Mas claro que a ameaça constante de guerra faz parte da realidade de Gaza. Perguntei a Ahmad sobre o confronto com Israel no meio do ano passado, e ficou óbvio que ele teve de reunir todas as suas forças para não chorar.
"Nunca falo sobre isso", ele disse, olhos rasos de lágrimas que ele lutava para controlar. Safaa concordou: "Tem coisas que vi – corpos pelas ruas. Perdi dois amigos no ano passado."
Mesmo assim, ambos responderam as minhas perguntas bravamente. E passamos adiante. Nem sei bem como aconteceu, mas acabamos falando de namoradas e namorados, e de amor. De repente, alguma coisa mudou. A atmosfera pesada se dissipou. Ouvíamos e contávamos histórias uns para os outros entusiasmadamente.
Tecnicamente, em Gaza não é permitido ter namorados. "Eles dizem que qualquer aventura romântica está reservada para depois do casamento.

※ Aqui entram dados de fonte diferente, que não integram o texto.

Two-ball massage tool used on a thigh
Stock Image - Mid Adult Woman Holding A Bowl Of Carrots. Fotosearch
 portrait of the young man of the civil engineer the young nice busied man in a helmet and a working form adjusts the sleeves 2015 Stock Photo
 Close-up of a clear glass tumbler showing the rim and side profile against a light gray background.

Mas isso não evita que os jovens se encontrem, se apaixonem e flertem por alguns momentos fugazes, ao lado de amigos e tomando chá, sempre na presença dos pais.

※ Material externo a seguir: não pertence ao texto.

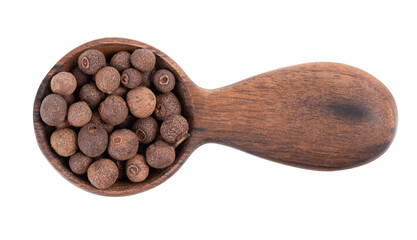 Allspice in wooden spoon, isolated on white background. Jamaican pepper, pimento berry, allspice peppercorns or myrtle pepper. Top view.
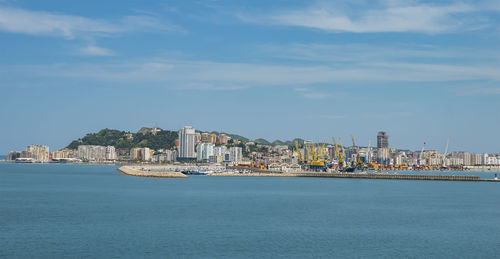 View of buildings by sea against sky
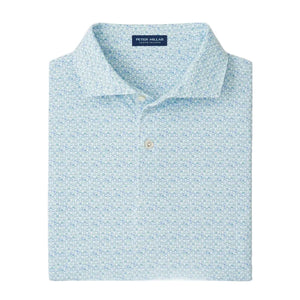The Peter Millar Wood Fired Performance Jersey Polo is a light blue patterned shirt featuring a button-down collar, four-way stretch for comfort, and the Peter Millar label inside the neckline.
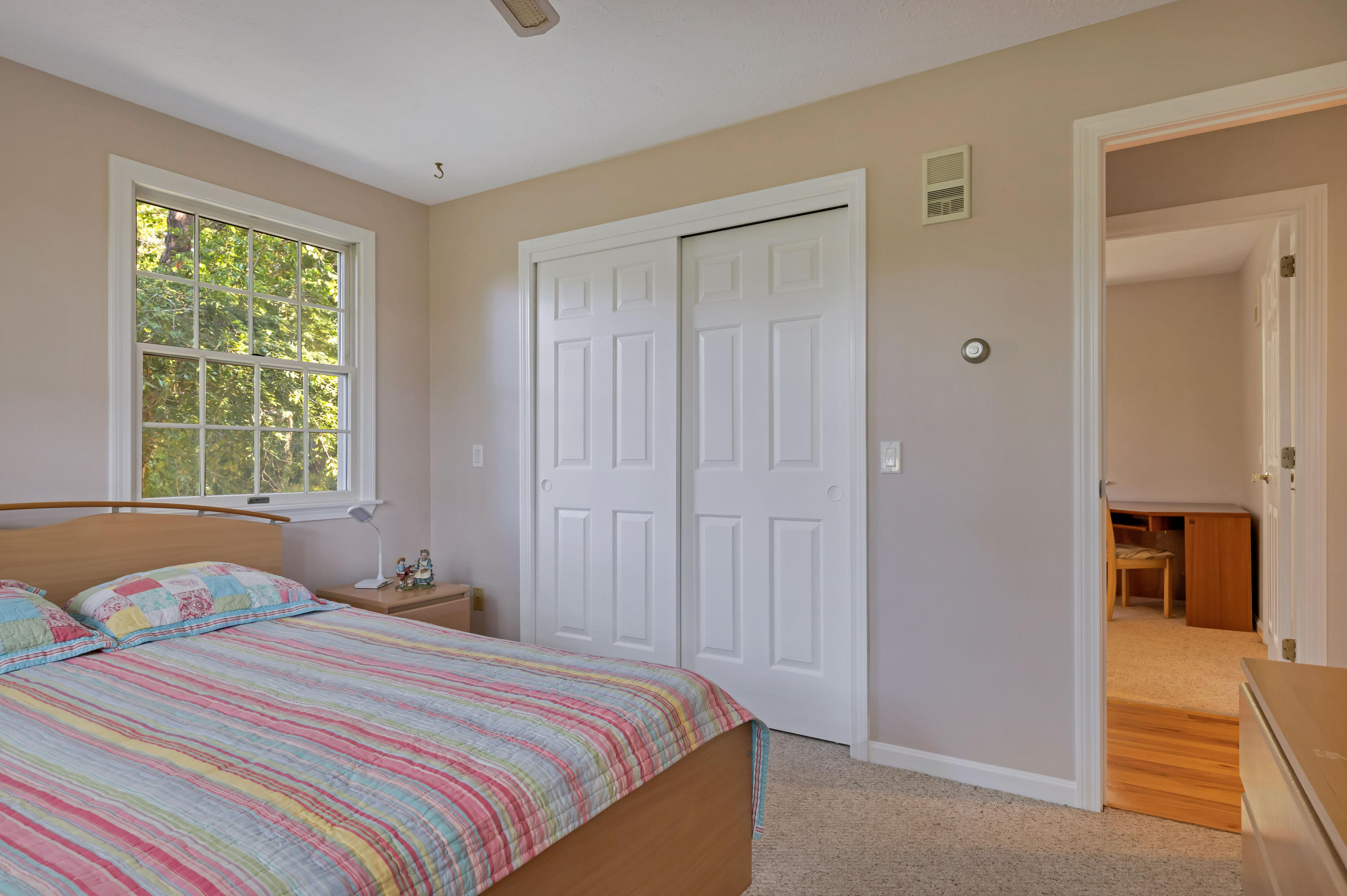 9 Green Pond Road East Falmouth, MA 02536 - Photo 19 of 46 a bedroom with a bed and a window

Safaa e Ahmad discutiram e trocaram dicas sobre táticas e disfarces. Ahmad parecia estar totalmente apaixonado. Ele falava sobre os próprios sentimentos com uma segurança impressionante para um relacionamento de apenas três meses. Safaa, da mesma idade, era muito mais experiente, depois de uma casamento que terminou em divórcio.
Primeiro beijo
Depois de alguma insistência, arrancamos de Ahmad que ele não tinha nem beijado a namorada ainda. Safaa achou isso hilariante. "O quê? Você diz que a ama e nem a beijou? Você está maluco. E por que não a beijou? Está com medo?"
Ambos debochávamos sem perdão de Ahmad, enquanto ele explicava que estava "indo aos poucos". Mas também dizia que era impossível, porque os dois nunca ficaram sozinhos.

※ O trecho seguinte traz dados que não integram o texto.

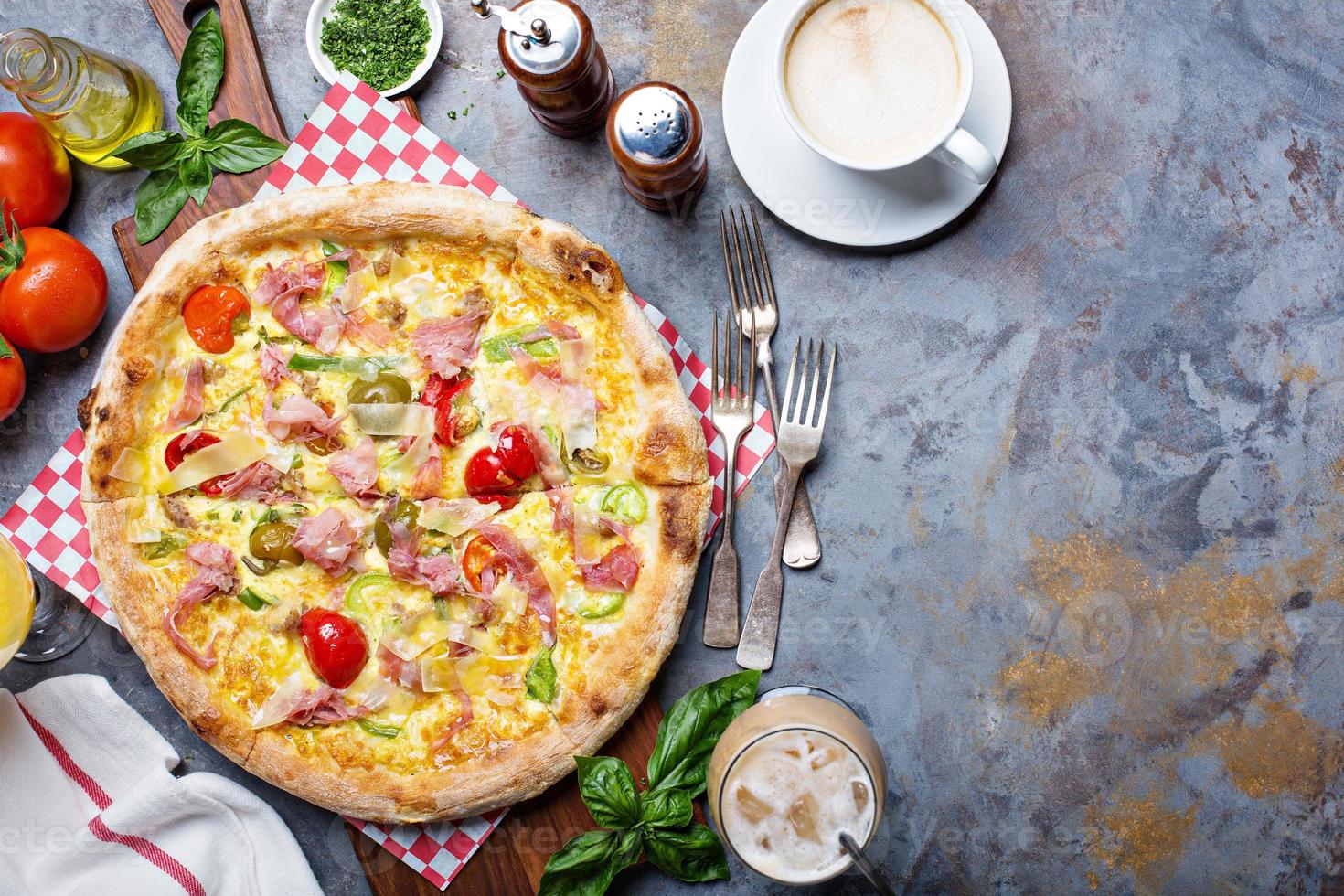 Breakfast pizza with scrambled egg, ham and tomatoes photo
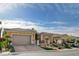 Charming single-story home with a well-manicured lawn, desert landscaping, and a spacious two-car garage at 19 Contrada Fiore Dr, Henderson, NV 89011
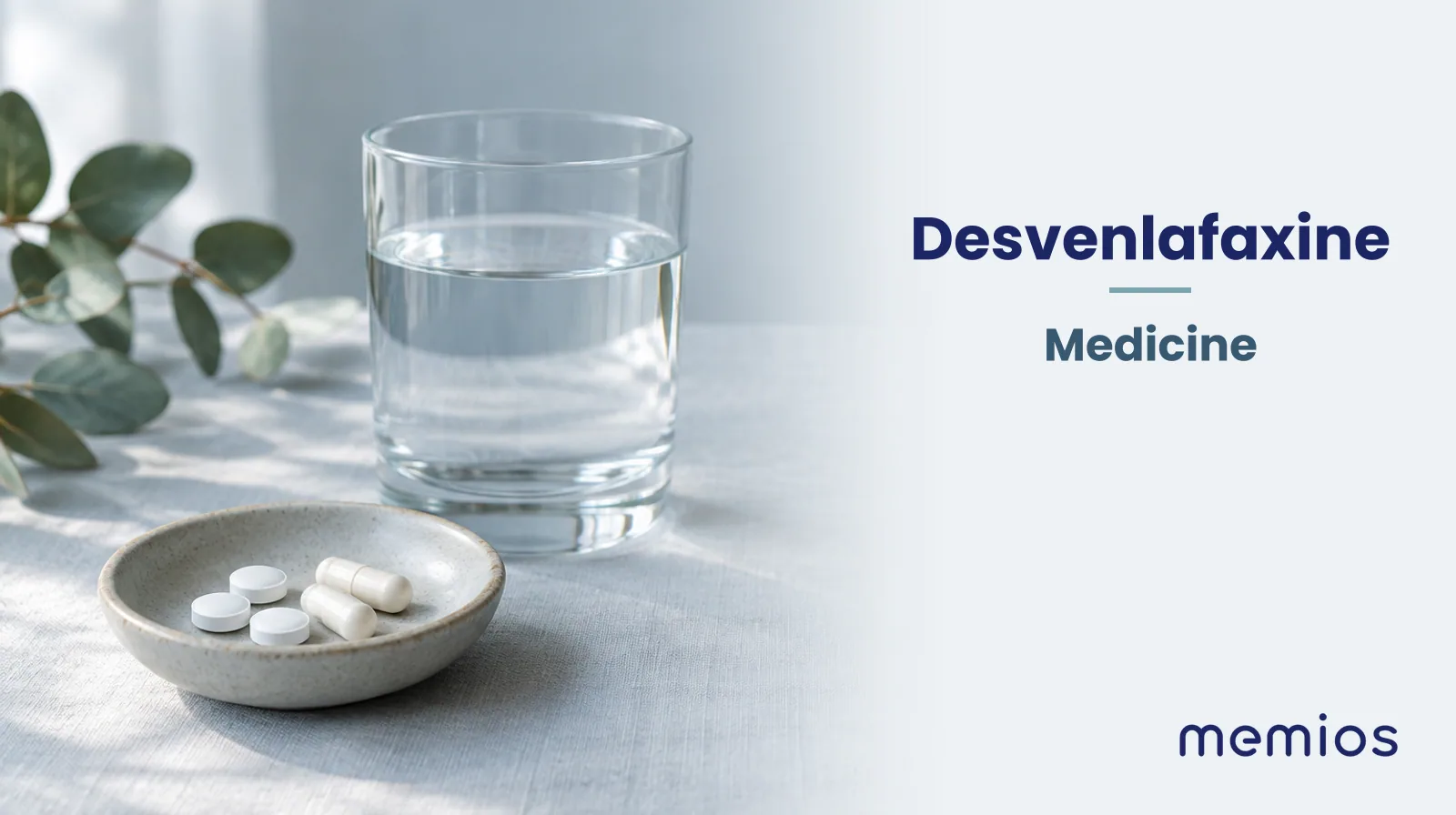Photograph for Desvenlafaxine: plain unmarked tablets in a dish beside a glass of water on pale linen.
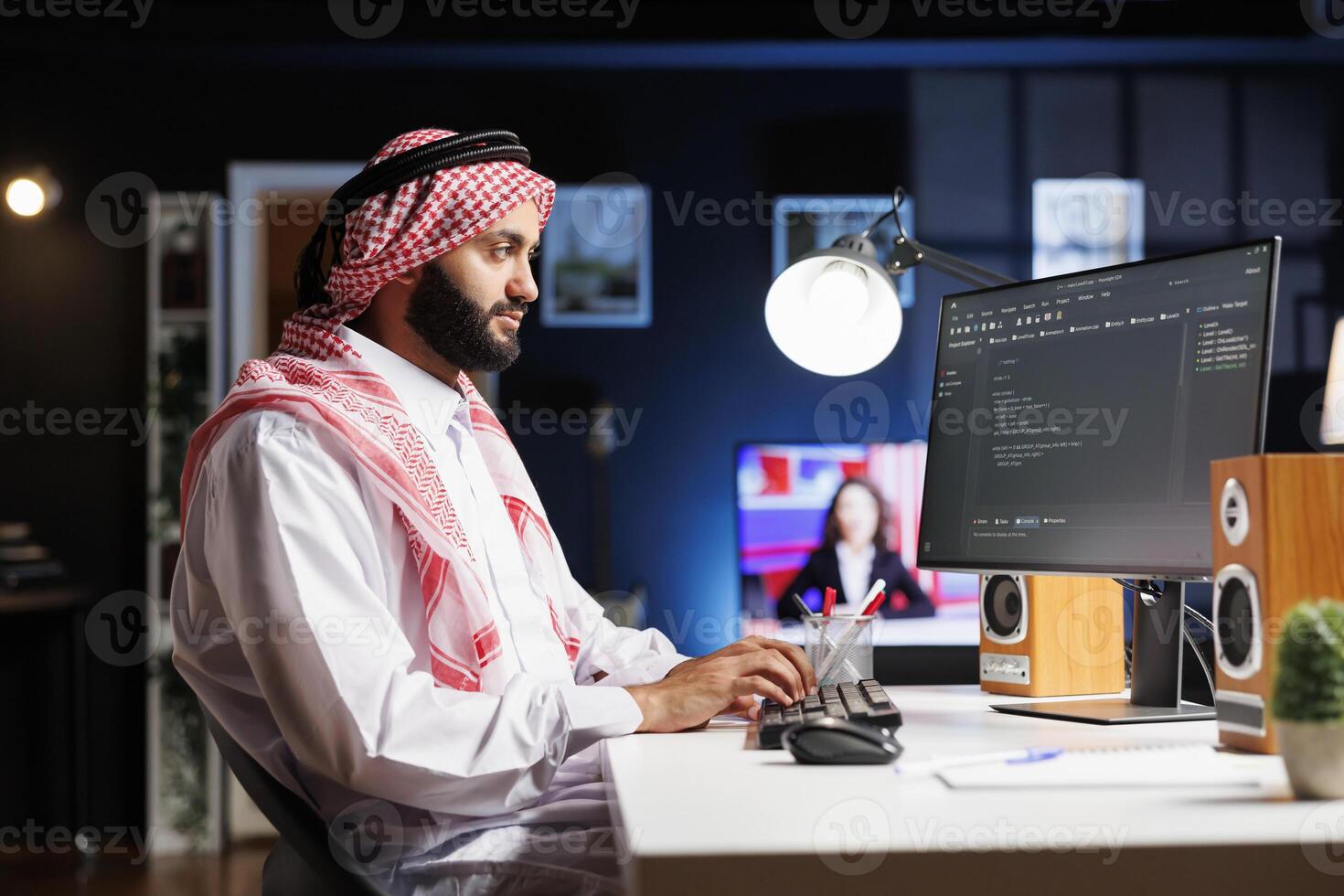 Side-view of Muslim developer writing code on desktop pc, parsing algorithm in a software agency. Using a computer monitor, a Middle Eastern male coder works on a user interface. photo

Safaa – que obviamente não faz o tipo romântico – disse que ele tinha que ser mais incisivo. Assim, chegou a hora do almoço, e a fofoca, ao fim.
Dois dias depois, voltei para visitar a família. Safaa e eu nos encontramos com Ahmad no centro da cidade e voltamos juntos para casa. Ele embarcou no carro blindado com certa ginga. "Verdade, o meu dia foi bom", disse. Depois de jogar um pouco de conversa fora anunciou: "Querem saber?"
"Diga?" perguntamos.
"Eu a beijei. Ontem à noite. Não só uma vez, logo três."
Continuamos a dirigir até a casa, ouvindo cada detalhe do triunfo amoroso de Ahmad. No fim das contas, é muito mais divertido conversar e ouvir histórias sobre beijos roubados do que sobre bombas.